[[ The input open ]]
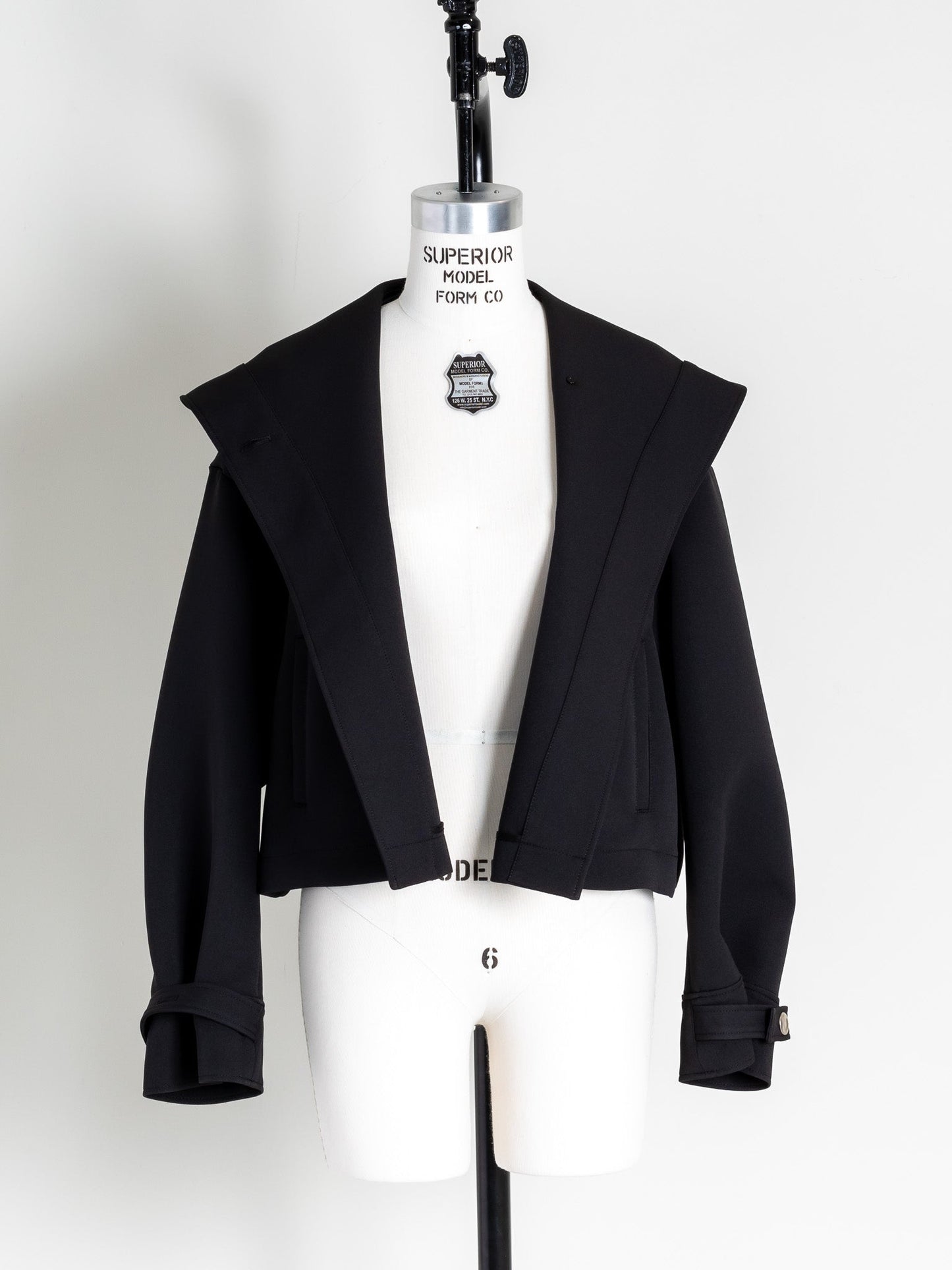 Violetta / switch neck feather short coat (perl/midnight/noir)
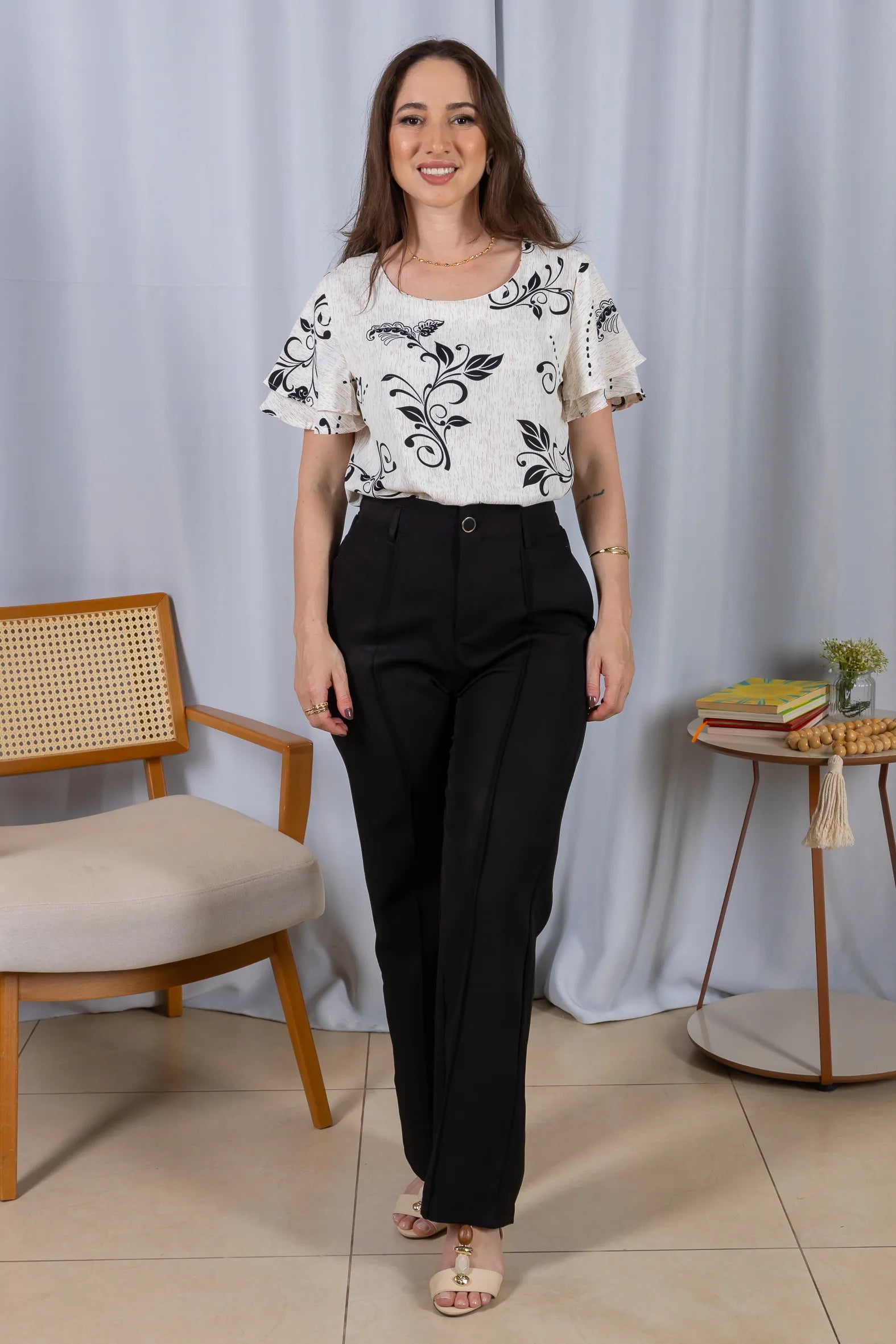 Blusa Manga Curta Camadas com Amarração Crepe Classic Eduarda Estampada Preta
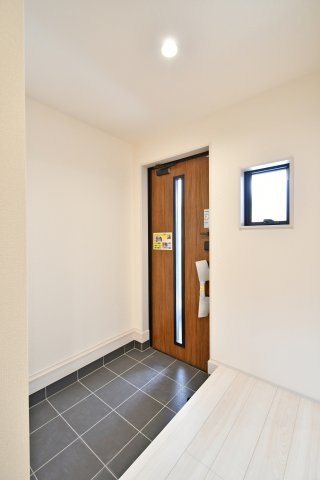蓮田市椿山第10　全1棟の玄関
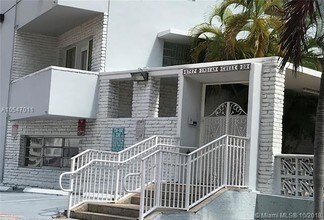 6767 Indian Creek Dr-Unit -1A in Miami Beach, FL - Building Photo - Building Photo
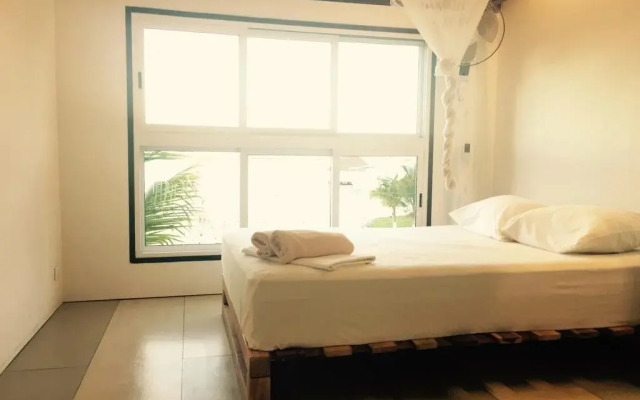 The Yak Lake House Hostal Bacalar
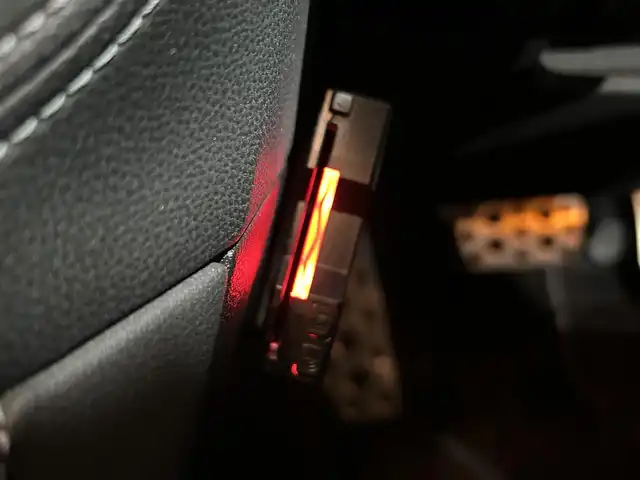 スバル インプレッサ スポーツ 2．0i－S アイサイト 長崎県 2017(平29)年 14.5万km クリスタルホワイトP 純正ナビ/フルセグTV/アイサイト/ETC/バックカメラ/アイドリングストップ/パドルシフト/BSM/ステアリングスイッチ/スマートキー/プッシュスタート/クルーズコントロール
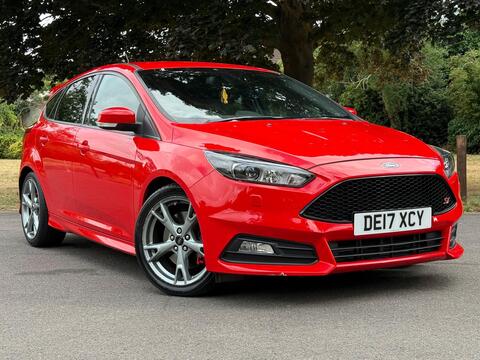 Ford Focus Hatchback 2.0T EcoBoost ST-3 Euro 6 (s/s) 5dr
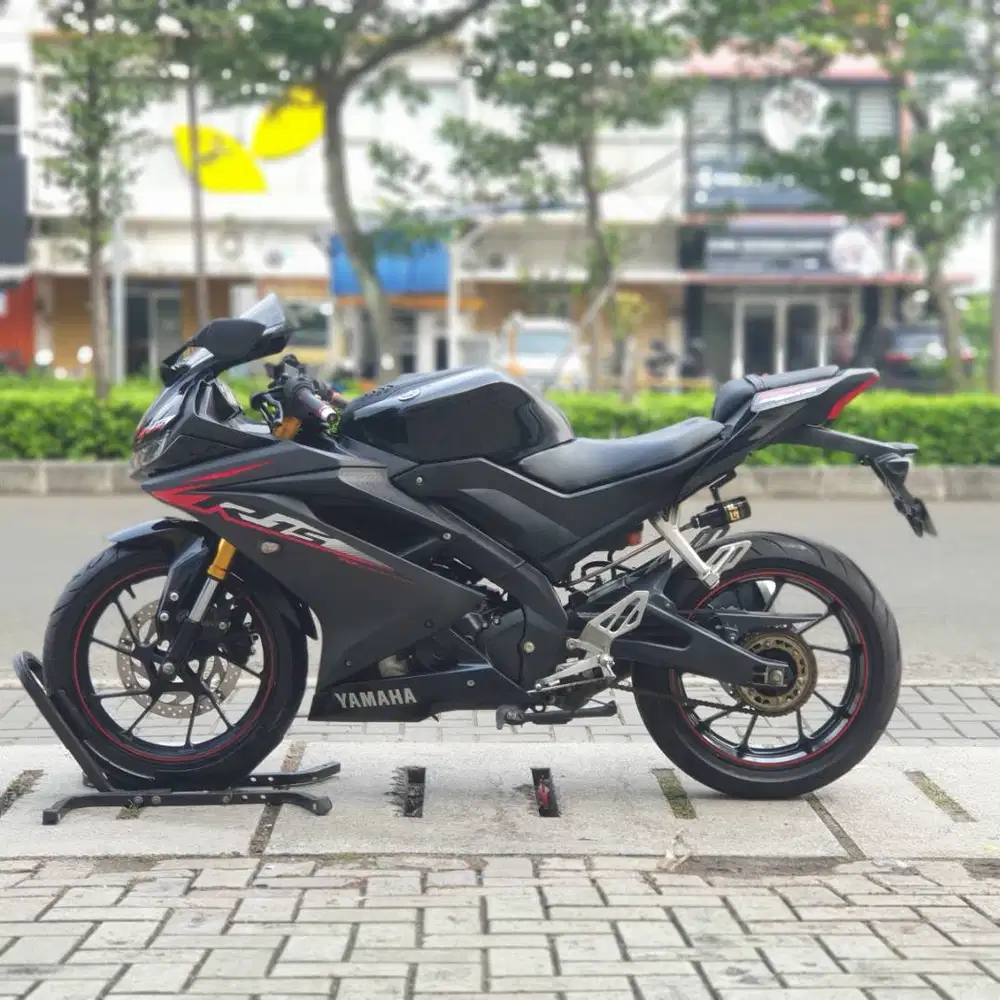 YAMAHA R15 V3 BLACK  2019 PAJAK PANJANG KM RENDAH SIAP GASPOL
[[ The input closed ]]
● Activity
In the records above, find the line that contains "Ford Focus Hatchback" and repeat exactly that line and all lines after it to the end. Do not include pictures.

● Response to this task
 Ford Focus Hatchback 2.0T EcoBoost ST-3 Euro 6 (s/s) 5dr
 YAMAHA R15 V3 BLACK  2019 PAJAK PANJANG KM RENDAH SIAP GASPOL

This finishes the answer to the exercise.